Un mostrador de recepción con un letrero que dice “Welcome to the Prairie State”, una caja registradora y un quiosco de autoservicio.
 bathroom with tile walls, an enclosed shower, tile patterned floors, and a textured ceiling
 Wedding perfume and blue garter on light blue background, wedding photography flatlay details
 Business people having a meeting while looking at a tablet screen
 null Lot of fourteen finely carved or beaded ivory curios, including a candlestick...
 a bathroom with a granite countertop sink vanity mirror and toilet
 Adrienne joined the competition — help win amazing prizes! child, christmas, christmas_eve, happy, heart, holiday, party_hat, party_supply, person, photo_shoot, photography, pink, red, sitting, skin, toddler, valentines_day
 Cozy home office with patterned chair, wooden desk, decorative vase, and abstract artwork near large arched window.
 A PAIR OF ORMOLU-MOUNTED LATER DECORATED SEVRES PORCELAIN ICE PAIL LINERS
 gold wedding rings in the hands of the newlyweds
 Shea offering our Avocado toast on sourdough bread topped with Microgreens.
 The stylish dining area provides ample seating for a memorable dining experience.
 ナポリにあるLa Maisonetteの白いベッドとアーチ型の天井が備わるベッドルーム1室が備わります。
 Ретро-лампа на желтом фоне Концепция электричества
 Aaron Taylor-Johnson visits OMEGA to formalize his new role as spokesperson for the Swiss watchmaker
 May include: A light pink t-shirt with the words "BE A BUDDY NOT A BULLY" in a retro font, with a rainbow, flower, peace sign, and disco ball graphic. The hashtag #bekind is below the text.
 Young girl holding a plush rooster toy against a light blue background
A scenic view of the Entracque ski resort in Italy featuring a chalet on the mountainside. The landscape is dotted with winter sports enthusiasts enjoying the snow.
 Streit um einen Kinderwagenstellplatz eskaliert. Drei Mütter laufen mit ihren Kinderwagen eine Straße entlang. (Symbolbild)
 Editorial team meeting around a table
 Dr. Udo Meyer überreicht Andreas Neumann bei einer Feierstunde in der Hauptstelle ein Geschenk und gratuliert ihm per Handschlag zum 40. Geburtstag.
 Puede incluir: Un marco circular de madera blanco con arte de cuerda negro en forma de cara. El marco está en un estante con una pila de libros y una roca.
■ ■ ■
__PROMPT__
Return the line where "ナポリにあるLa Maiso" appears, then every line after it to the end of the listing, all exactly as written.

__REPLY TO THE EXERCISE__
 ナポリにあるLa Maisonetteの白いベッドとアーチ型の天井が備わるベッドルーム1室が備わります。
 Ретро-лампа на желтом фоне Концепция электричества
 Aaron Taylor-Johnson visits OMEGA to formalize his new role as spokesperson for the Swiss watchmaker
 May include: A light pink t-shirt with the words "BE A BUDDY NOT A BULLY" in a retro font, with a rainbow, flower, peace sign, and disco ball graphic. The hashtag #bekind is below the text.
 Young girl holding a plush rooster toy against a light blue background
A scenic view of the Entracque ski resort in Italy featuring a chalet on the mountainside. The landscape is dotted with winter sports enthusiasts enjoying the snow.
 Streit um einen Kinderwagenstellplatz eskaliert. Drei Mütter laufen mit ihren Kinderwagen eine Straße entlang. (Symbolbild)
 Editorial team meeting around a table
 Dr. Udo Meyer überreicht Andreas Neumann bei einer Feierstunde in der Hauptstelle ein Geschenk und gratuliert ihm per Handschlag zum 40. Geburtstag.
 Puede incluir: Un marco circular de madera blanco con arte de cuerda negro en forma de cara. El marco está en un estante con una pila de libros y una roca.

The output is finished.